Brief descriptive captions:
========================================================================

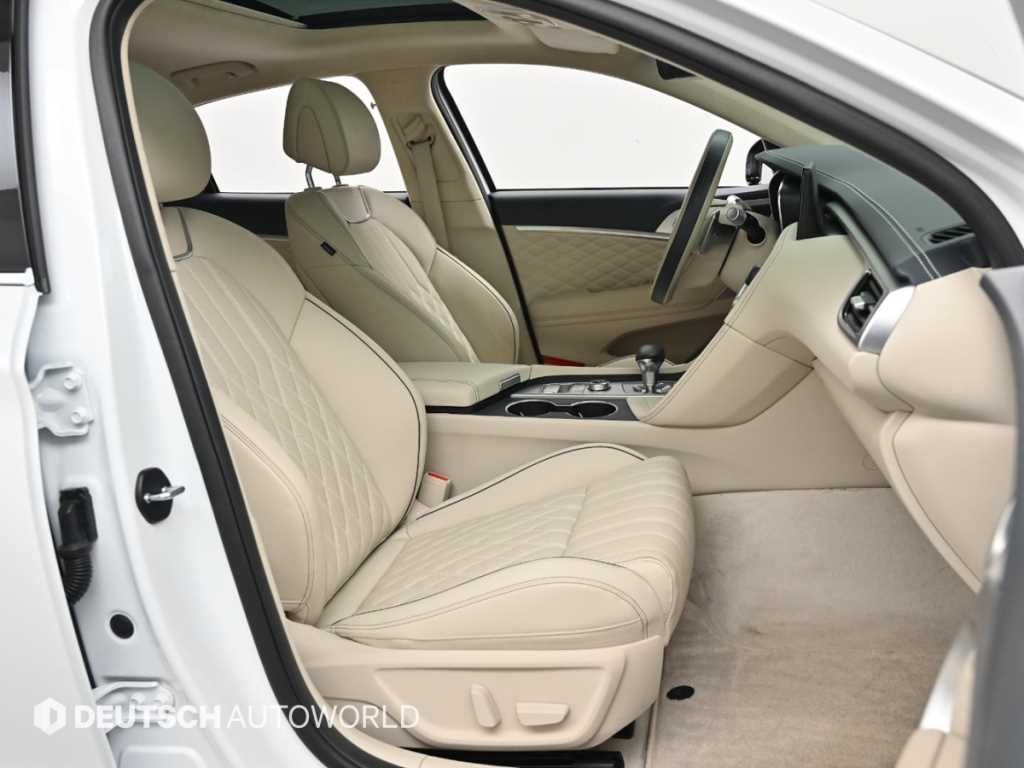 Genesis G70 - Vista 10
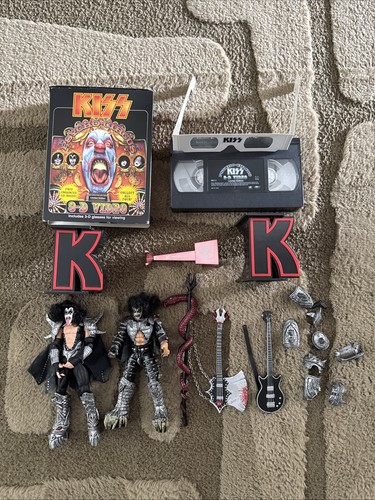 Kiss gene simmons action - simmons,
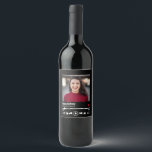 Modern Individuelle Name Happy Birthday Foto Weinetikett<br><div class="desc">Dieses personalisierte Song-Playlist Geburtstagsdesign kann mit Ihrer eigenen Nachricht an Ihren Ehemann, Ihre Ehefrau, Freund, Freundin, Mutter, Vater, Bruder, Schwester, Familie oder Freunde angepasst werden. Dazu können Sie das Wort "Geburtstag glücklich" durch Ihr eigenes kurzes, individuelles Wort/Zitat ersetzen. Der Name kann auch auf Ihren eigenen individuelle Name geändert werden. Sie...</div>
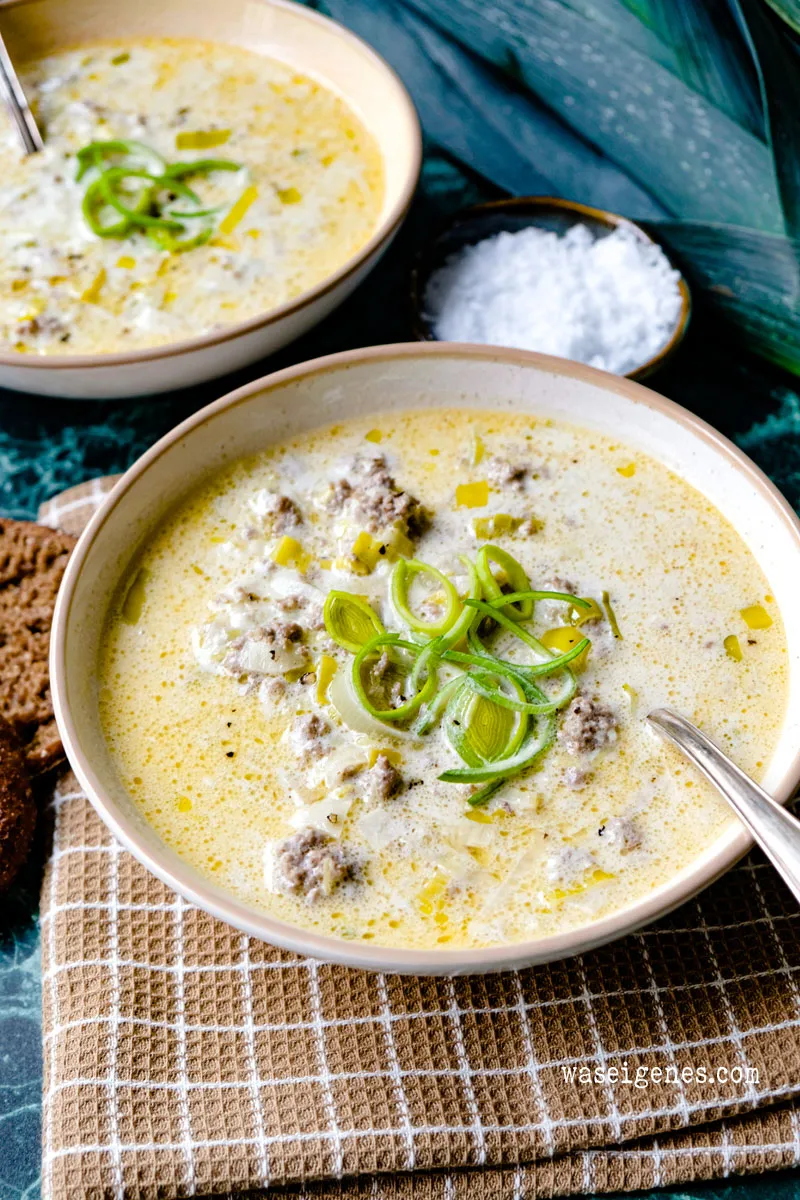 Rezept: Käse-Lauch-Suppe mit Hackfleisch - die perfekte Partysuppe, steht in 35 Minuten auf dem Tisch, macht satt | waseigenes.com - Was koche ich heute? Einfache &amp; schnelle Rezepte für jeden Tag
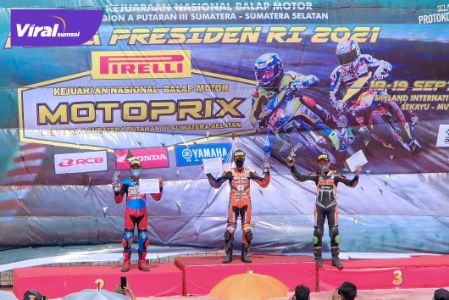 Andri Yosa, Pembalap binaan PPLPD Muba (tengah) dalam upacara penghargaan pemenang Motoprix Piala Presiden 2021 di Sirkuit Internasional Skyland, Muba, Minggu (19/9/2021). Foto : viralsumsel.com/devi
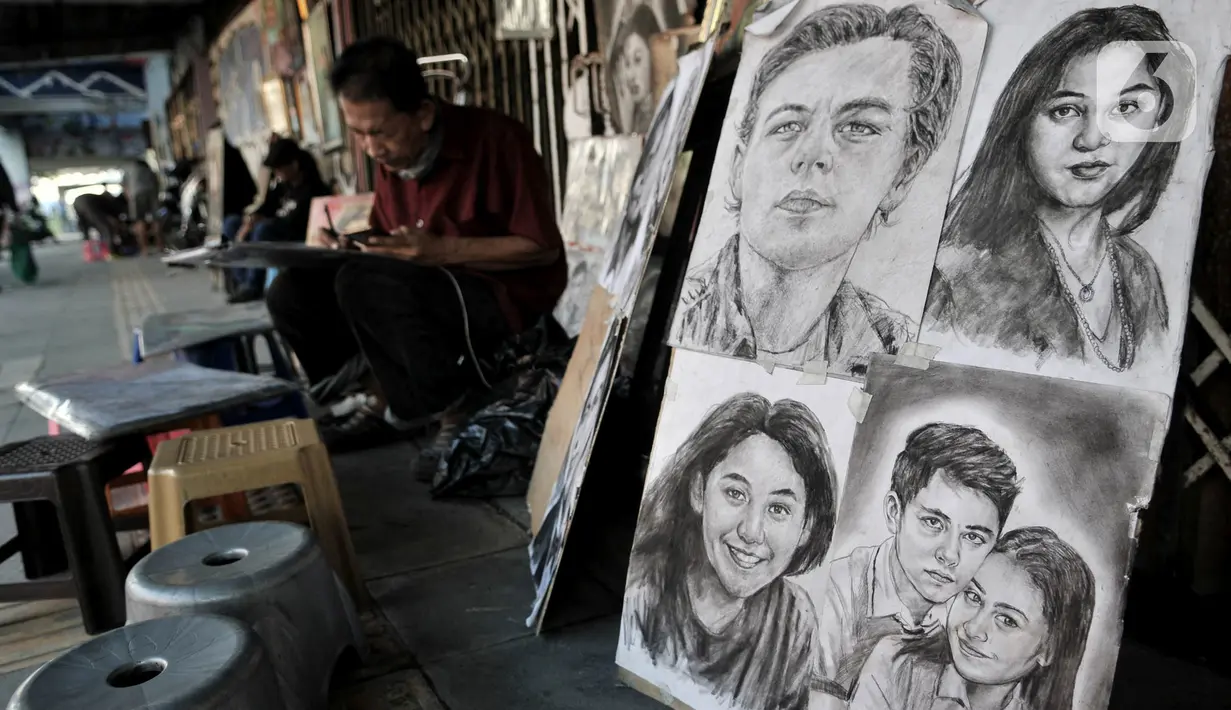 Seniman lukis menyelesaikan karyanya di pinggir Jalan Pintu Besar Selatan, Pinangsia, Jakarta, Selasa (2/6/2020). Pandemi virus corona COVID-19 ditambah adanya PSBB mengakibatkan penghasilan para pelukis di kawasan Kota Tua tersebut turun hingga 80 persen. (merdeka.com/Iqbal S. Nugroho)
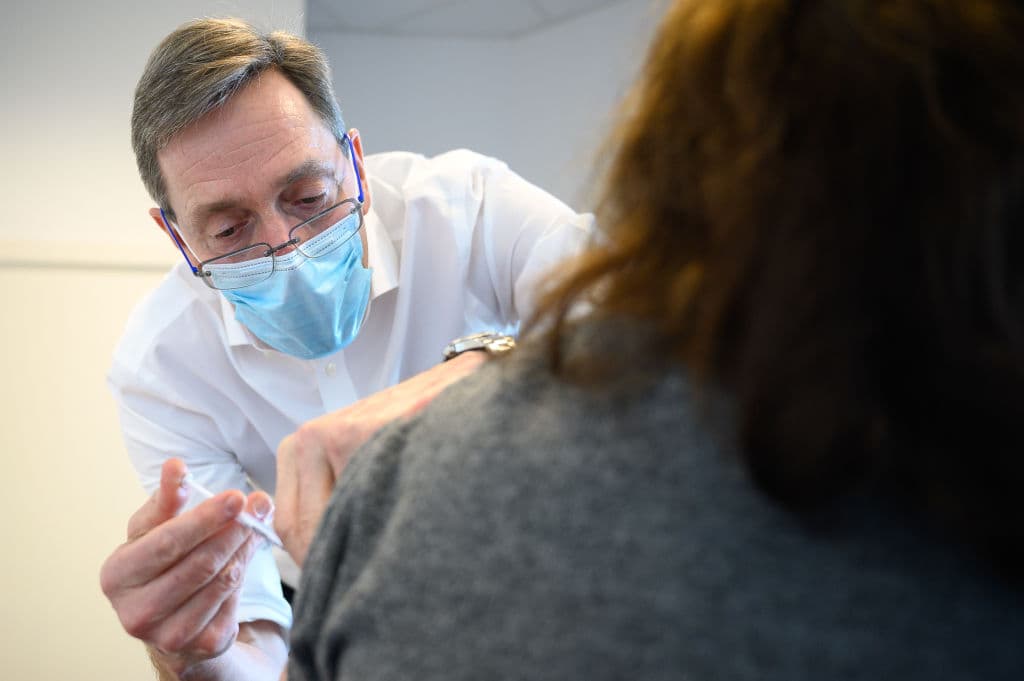 Una nueva cepa "más contagiosa" de coronavirus deja aislado a Reino Unido del resto de Europa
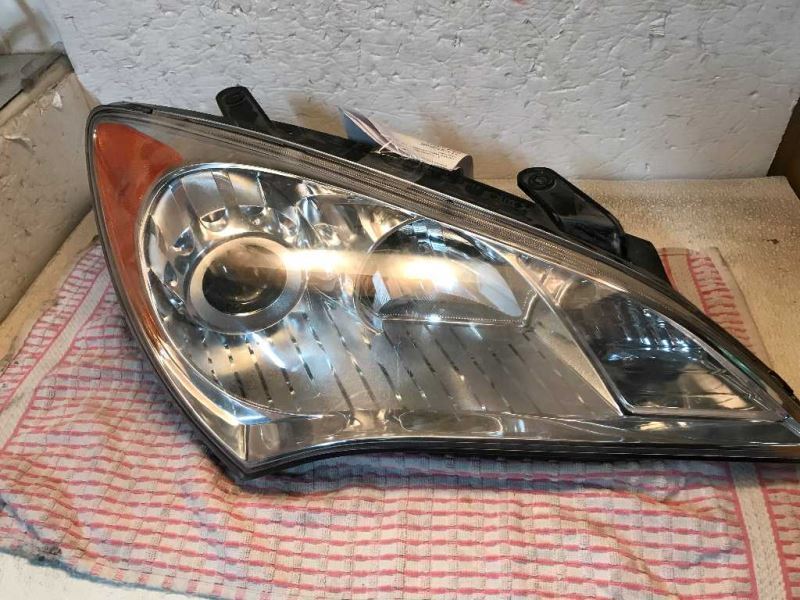 Faro derecho usado original (OEM) Hyundai Genesis Coupe 2010-2012
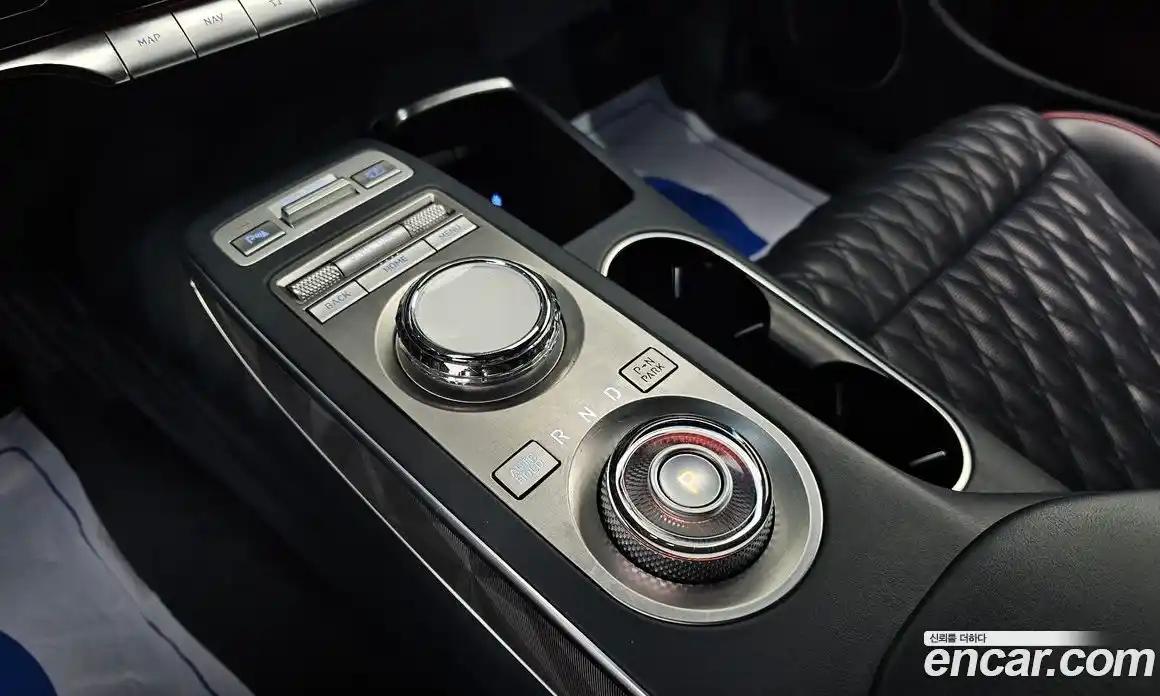 Genesis GV70 2021 2.2 Автомат в Москве № 56927, фото 20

========================================================================

(EXERCISE)
When you transcribe the lines above, keep every word exact but leave the pictures behind.

(SOLUTION FOR THIS TASK)
 Genesis G70 - Vista 10
 Kiss gene simmons action - simmons,
 Modern Individuelle Name Happy Birthday Foto Weinetikett<br><div class="desc">Dieses personalisierte Song-Playlist Geburtstagsdesign kann mit Ihrer eigenen Nachricht an Ihren Ehemann, Ihre Ehefrau, Freund, Freundin, Mutter, Vater, Bruder, Schwester, Familie oder Freunde angepasst werden. Dazu können Sie das Wort "Geburtstag glücklich" durch Ihr eigenes kurzes, individuelles Wort/Zitat ersetzen. Der Name kann auch auf Ihren eigenen individuelle Name geändert werden. Sie...</div>
 Rezept: Käse-Lauch-Suppe mit Hackfleisch - die perfekte Partysuppe, steht in 35 Minuten auf dem Tisch, macht satt | waseigenes.com - Was koche ich heute? Einfache &amp; schnelle Rezepte für jeden Tag
 Andri Yosa, Pembalap binaan PPLPD Muba (tengah) dalam upacara penghargaan pemenang Motoprix Piala Presiden 2021 di Sirkuit Internasional Skyland, Muba, Minggu (19/9/2021). Foto : viralsumsel.com/devi
 Seniman lukis menyelesaikan karyanya di pinggir Jalan Pintu Besar Selatan, Pinangsia, Jakarta, Selasa (2/6/2020). Pandemi virus corona COVID-19 ditambah adanya PSBB mengakibatkan penghasilan para pelukis di kawasan Kota Tua tersebut turun hingga 80 persen. (merdeka.com/Iqbal S. Nugroho)
 Una nueva cepa "más contagiosa" de coronavirus deja aislado a Reino Unido del resto de Europa
 Faro derecho usado original (OEM) Hyundai Genesis Coupe 2010-2012
 Genesis GV70 2021 2.2 Автомат в Москве № 56927, фото 20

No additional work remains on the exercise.